1. A par das liberdades culturais (arts. 37.º, 38.º, 42.º e 43.º) e dos direitos de acesso aos bens de cultura (arts. 73.º e segs.), pode falar-se, na (…) Constituição [portuguesa], de direitos à identidade cultural, desdobrados em três categorias:
• o direito à identidade cultural como componente ou expressão do direito à identidade pessoal ou, mesmo, do direito ao desenvolvimento da personalidade (art. 26º, n.º 1), pois a pertença a um povo com uma identidade cultural comum [art. 78.º, n.º 2, alínea c)] faz parte também da individualidade de cada pessoa;
• o direito de uso da língua, sabendo-se como a língua materna, por seu turno, é o primeiro ou um dos primeiros elementos distintivos da identidade cultural;
• o direito de defender, mesmo em tribunal, o património cultural [art. 52.º, n.º 3, alínea d)].
2. O relevo particularíssimo da língua resulta não só de o português ser declarado língua oficial (art. 11.º, n.º 3), mas também de constituir uma das «tarefas fundamentais do Estado» assegurar o ensino e a valorização permanentes, defender o uso e promover a difusão internacional da língua portuguesa [art. 9.º, alínea f)].
E a isso acrescem os «laços privilegiados de amizade e cooperação com os países de língua portuguesa» [arts. 7.º, n.º 4 e 78.º, n.º 2, alínea d)] e a equiparação, em certos termos, dos direitos dos seus cidadãos aos direitos dos cidadãos portugueses (art. 15.º, nº 3), bem como o ensino da língua aos filhos de emigrantes [art. 74.º, n.º 2, alínea i)].

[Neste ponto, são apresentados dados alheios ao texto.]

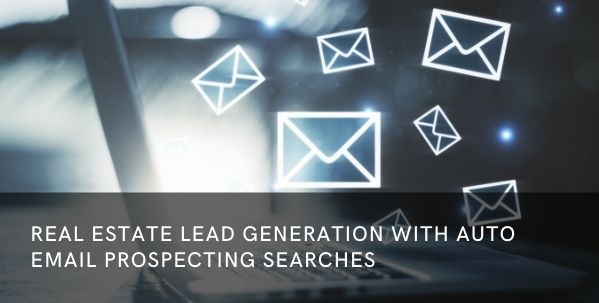 real estate lead generation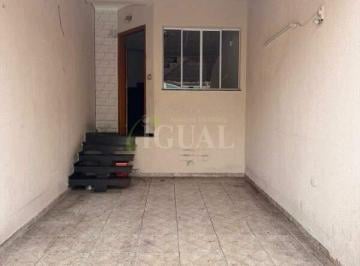 Casa · 84m² · 2 Quartos · 2 Vagas · Sobrado - Jardim Utinga, Santo André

3. Serão, porém, cumpridas as obrigações constitucionais e respeitado o direito à identidade linguística dos cidadãos portugueses? A pergunta, infelizmente, justifica-se porque:
• Se tem admitido o registo de nascimento com nomes próprios não portugueses;
• Se espalham denominações de sociedades e cartazes publicitários em língua estrangeira;
• Se admitem primeiras denominações de escolas universitárias em língua estrangeira (até contra o disposto no art. 10.º, n.º 1 do Regime Geral das Instituições de Ensino Superior);
• Se impõe outra língua a alunos portugueses, em violação do seu direito fundamental à língua, em aulas ministradas por professores portugueses em escolas universitárias portuguesas (coisa diferente, claro está, será o caso de aulas dadas por professores estrangeiros);
• Muitas vezes, não se incentivam os alunos do programa Erasmus a aprender português, quando este programa, pelo contrário, visa a interculturalidade e não a uniformização linguística;
• Se observa o uso em público de línguas estrangeiras por titulares de órgãos de soberania nessa qualidade;
• Os sucessivos memorandos de entendimento com o FMI, a Comissão Europeia e o Banco Central Europeu não têm tradução oficial e não têm sido publicados no Diário da República;
• Se verifica a degradação do português como língua de trabalho na União Europeia.
Apenas um provincianismo antipatriótico e uma prática de subserviência pode explicar estes e outros factos, esquecendo-se que a língua é quase o único domínio de independência que hoje nos resta, que é língua oficial de [oito] Estados e que é falada por mais de 200 milhões de pessoas em todos os continentes.
4. O Acordo Ortográfico tem sido fortemente criticado por muitos especialistas e não especialistas da língua como atentatório do português.
Não vou discutir o assunto, até porque não sou especialista, embora não esconda a minha preferência por ele na medida em que possa contribuir para a afirmação internacional da língua portuguesa (que é uma só, apesar das variantes portuguesa, brasileira, africanas e asiáticas – não estamos numa situação semelhante à do latim aquando das invasões bárbaras).
Mas gostaria que aqueles que estão tão preocupados com a nova ortografia oficial, boa ou má, se manifestassem ainda mais inquietos com os problemas que acabo de lembrar.
Intervenção do professor universitário e constitucionalista Jorge Miranda, em texto transcrito, com a devida vénia, do jornal Público do dia 9 de fevereiro de 2013.